The sneaky part here being that "case 1" is inside the body of the
while loop which lets us resume control at the correct location while
emitting pretty 'normal' code otherwise.

Sadly, I guess due to jihad against goto, it seems this form of
control isn't valid in JS. (There's also no goto with which to emulate
this, of course).

This makes things quite a lot more cumbersome, or exposes me as a
closet C programmer at the very least. Instead, we need to transform
the generated code much more heavily. Without 'sneaky' switchs and
just using straight gotos we want something like:


int f2(State* state, int n)
{
if (state->location == 0) goto state0;
if (state->location == 1) goto state1;
return -1;

state0:
state->num = 0;
while (state->num < n)
{
state->location = 1;
return state->num;
state1:
state->num += 1;
}
state->location = -1;
return -1;
}


Now, we can do some nasty transformation on this to remove the gotos:

First, get rid of 'state0'. Eliminate the first forward goto by
skipping what it skips if it's true using an if (this is eliminating a
forward-jumping-goto at the same nesting level):


int f3(State* state, int n)
{
if (!(state->location == 0))
{
if (state->location == 1) goto state1;
return -1;
}

state->num = 0;
while (state->num < n)
{
state->location = 1;
return state->num;
state1:
state->num += 1;
}
state->location = -1;
return -1;
}


Finally, get rid of 'state1'. First, we have to move the goto out of
its containing 'if', and then we have to move it back 'into' the while
loop. This is accomplished by modifying the loop condition, and the
statements above the state1 label to get execution to the correct
location. Then, we make sure to reset the condition so the next around
the loop, the while condition will be executed normally.

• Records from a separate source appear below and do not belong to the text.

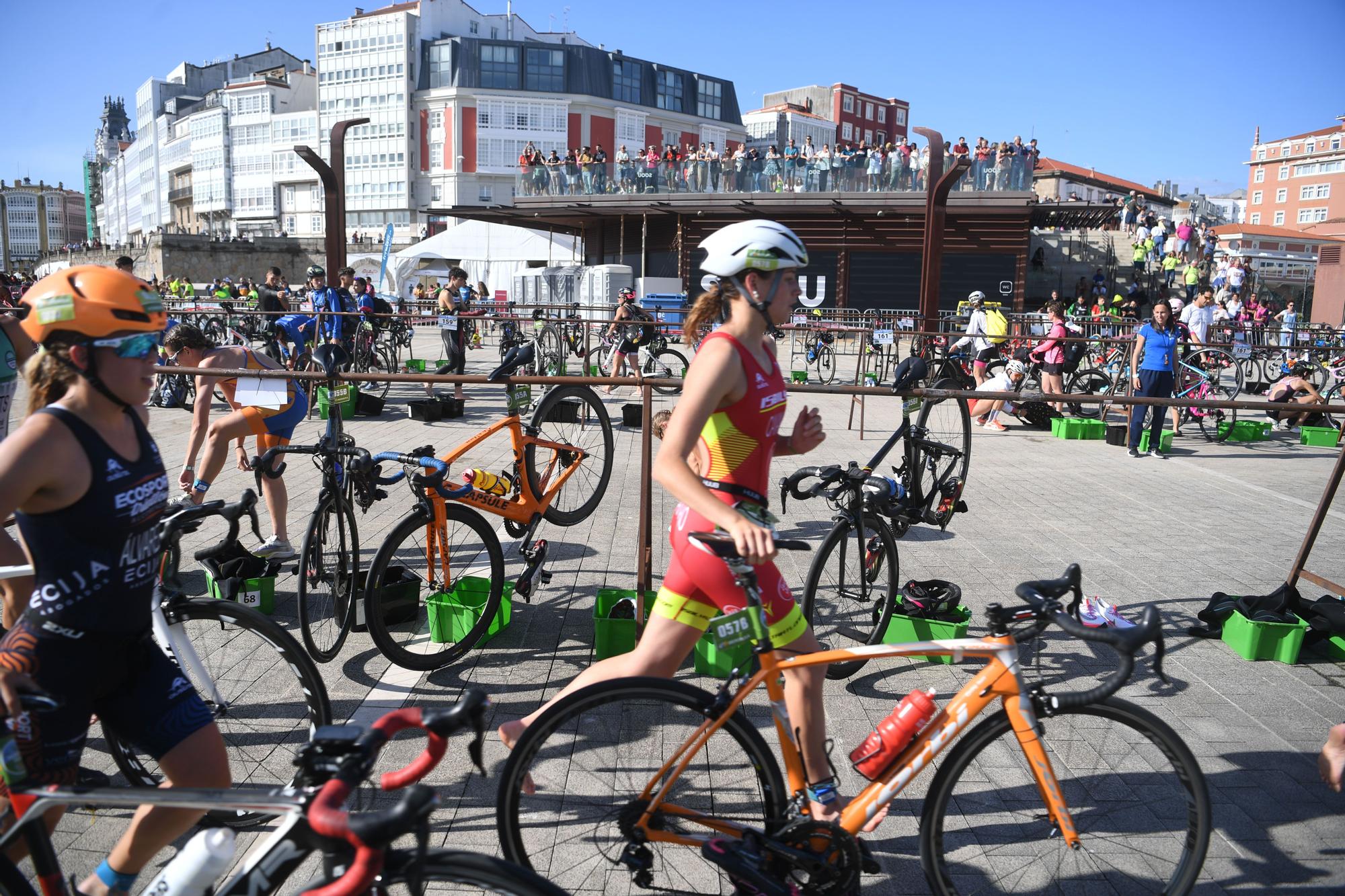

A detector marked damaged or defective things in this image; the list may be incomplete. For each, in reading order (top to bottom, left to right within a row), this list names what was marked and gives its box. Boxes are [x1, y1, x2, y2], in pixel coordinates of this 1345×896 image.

rusted metal post [295, 117, 369, 274]
rusted metal post [915, 126, 968, 331]
rusted metal post [1286, 438, 1340, 592]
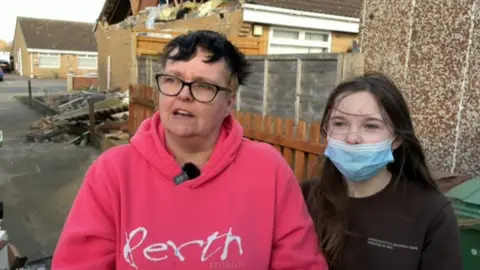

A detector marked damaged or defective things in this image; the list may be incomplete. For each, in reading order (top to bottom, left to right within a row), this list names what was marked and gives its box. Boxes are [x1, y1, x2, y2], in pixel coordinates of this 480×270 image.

damaged house [95, 0, 362, 90]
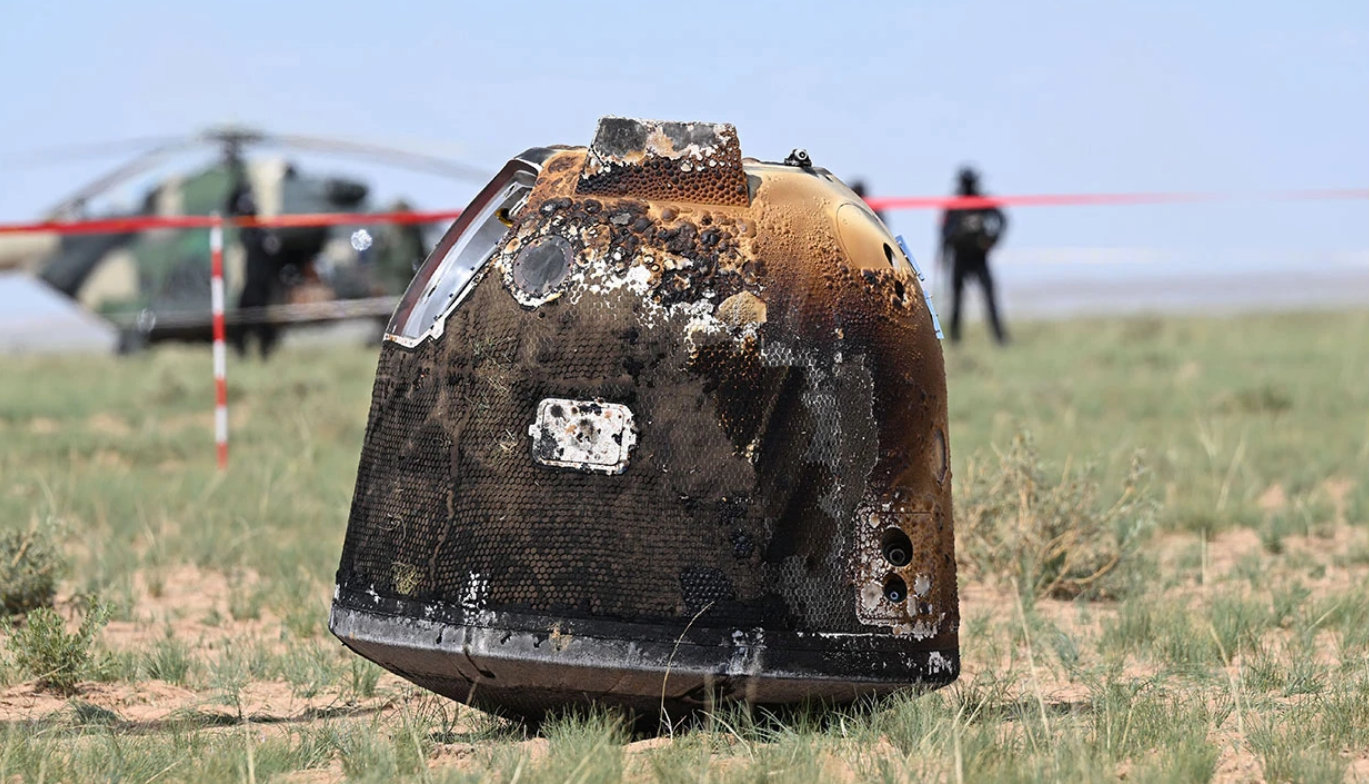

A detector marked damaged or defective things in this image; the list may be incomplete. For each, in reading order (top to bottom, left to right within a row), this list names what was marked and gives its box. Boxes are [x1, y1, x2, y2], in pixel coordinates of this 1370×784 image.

charred heat shield [331, 115, 959, 723]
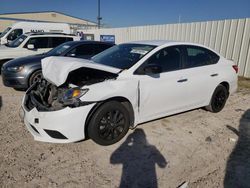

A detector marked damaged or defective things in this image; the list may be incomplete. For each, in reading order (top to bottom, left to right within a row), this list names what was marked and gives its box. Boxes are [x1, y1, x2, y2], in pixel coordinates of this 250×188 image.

front end damage [21, 56, 120, 143]
crumpled hood [41, 56, 121, 86]
damaged white car [20, 40, 237, 145]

int f4(State* state, int n)
{
int _t0 = 0;
if (!(state->location == 0))
{
_t0 = state->location == 1;
if (!_t0)
{
return -1;
}
}
if (!_t0)
{
state->num = 0;
}
while (_t0 || state->num < n)
{
if (!_t0)
{
state->location = 1;
return state->num;
}
_t0 = 0;
state->num += 1;
}
state->location = -1;
return -1;
}


Ugh!

This works in general, I think, but there's a lot of cases to handle
(moving inwards into loops and ifs, outwards, etc.). It's certainly
more complicated than I'd like, and makes me yearn for goto or
generators to be widely deployed in JS.

It's also going to be hairy to test which worries me.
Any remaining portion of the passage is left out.